Bischöfe loben Biden für Maßnahmen zur Rassengleichheit

Die katholischen Bischöfe in den USA haben Maßnahmen von Präsident Joe Biden gegen rassische Benachteiligung im Wohnungsbau und für eine Reform der Strafjustiz begrüßt.
Washington – Die katholischen Bischöfe in den USA haben Maßnahmen von Präsident Joe Biden gegen rassische Benachteiligung im Wohnungsbau und für eine Reform der Strafjustiz begrüßt. Die US-Regierung habe eine entscheidende Rolle bei der Förderung "fairen Wohnens und der Menschenwürde", erklärten die zuständigen Ausschussvorsitzenden der US-Bischofskonferenz (USCCB), Erzbischof Paul Coakley und Bischof Shelton Fabre, am Montag (Ortszeit).
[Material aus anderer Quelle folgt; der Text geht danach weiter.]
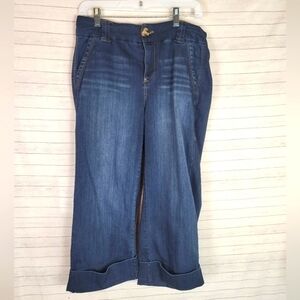 ONE 5 ONE WIDE LEG CROPPED CUFFED TROUSER JEANS, SZ 30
Joe Biden (Foto: © Palinchak | Dreamstime.com)

Die katholischen Bischöfe in den USA haben Maßnahmen von Präsident Joe Biden gegen rassische Benachteiligung im Wohnungsbau und für eine Reform der Strafjustiz begrüßt. Die US-Regierung habe eine entscheidende Rolle bei der Förderung „fairen Wohnens und der Menschenwürde“, erklärten die zuständigen Ausschussvorsitzenden der US-Bischofskonferenz (USCCB), Erzbischof Paul Coakley und Bischof Shelton Fabre, am Montag (Ortszeit).
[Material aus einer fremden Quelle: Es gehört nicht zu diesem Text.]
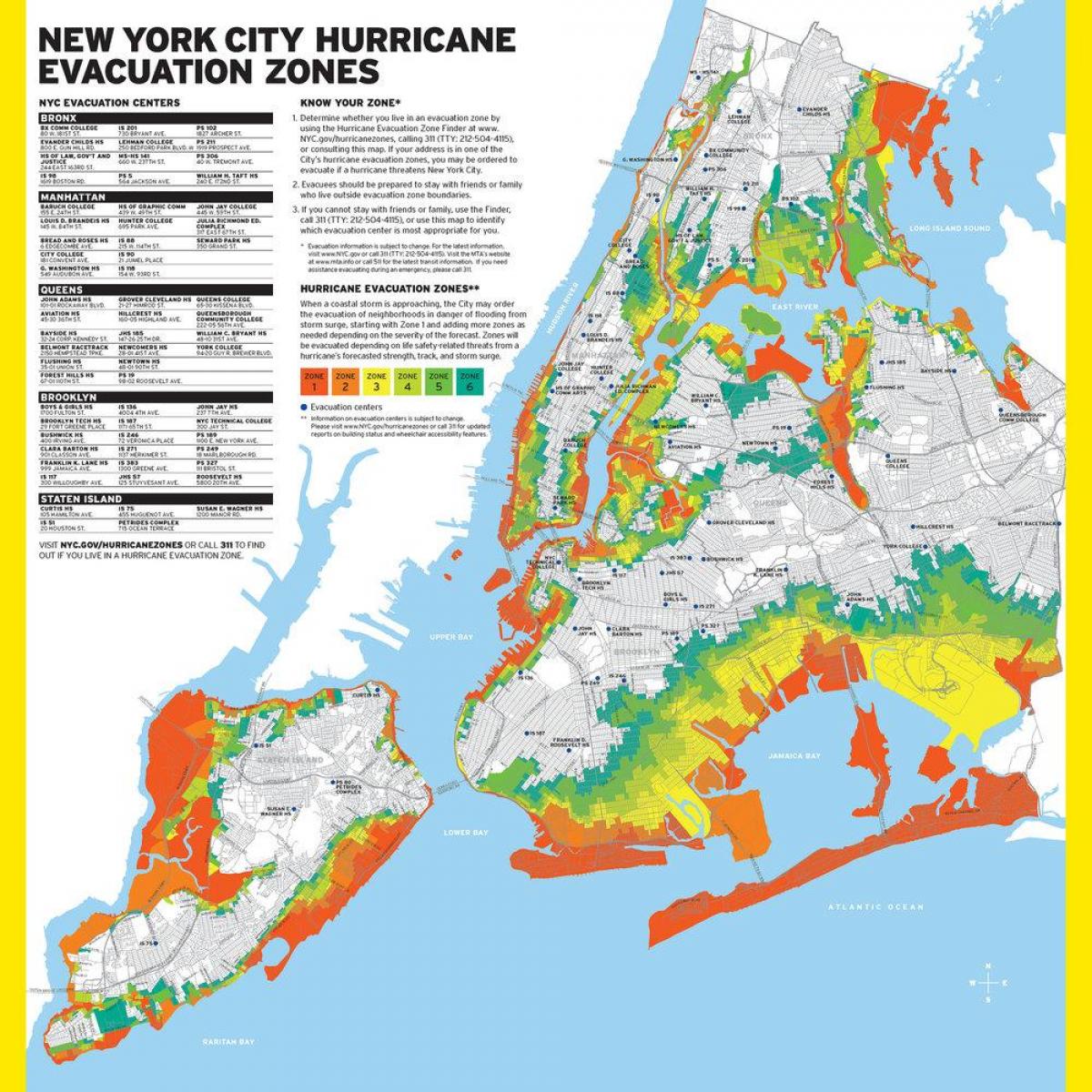 Manhattan inundació de la zona mapa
Bidens Memorandum sei Schritt, der Rassendiskriminierung entgegenzuwirken

Biden hatte vergangene Woche in einem Memorandum die Bundesvorschriften für den Erwerb und die Vergabe von Wohnungen verschärft. Er beauftragte das zuständige Ministerium, den sogenannten „Fair Housing Act“ zu überprüfen. Eine Vorschrift, die unter Obama eingeführt und von Donald Trump im Sommer des letzten Jahres wieder gelockert wurde.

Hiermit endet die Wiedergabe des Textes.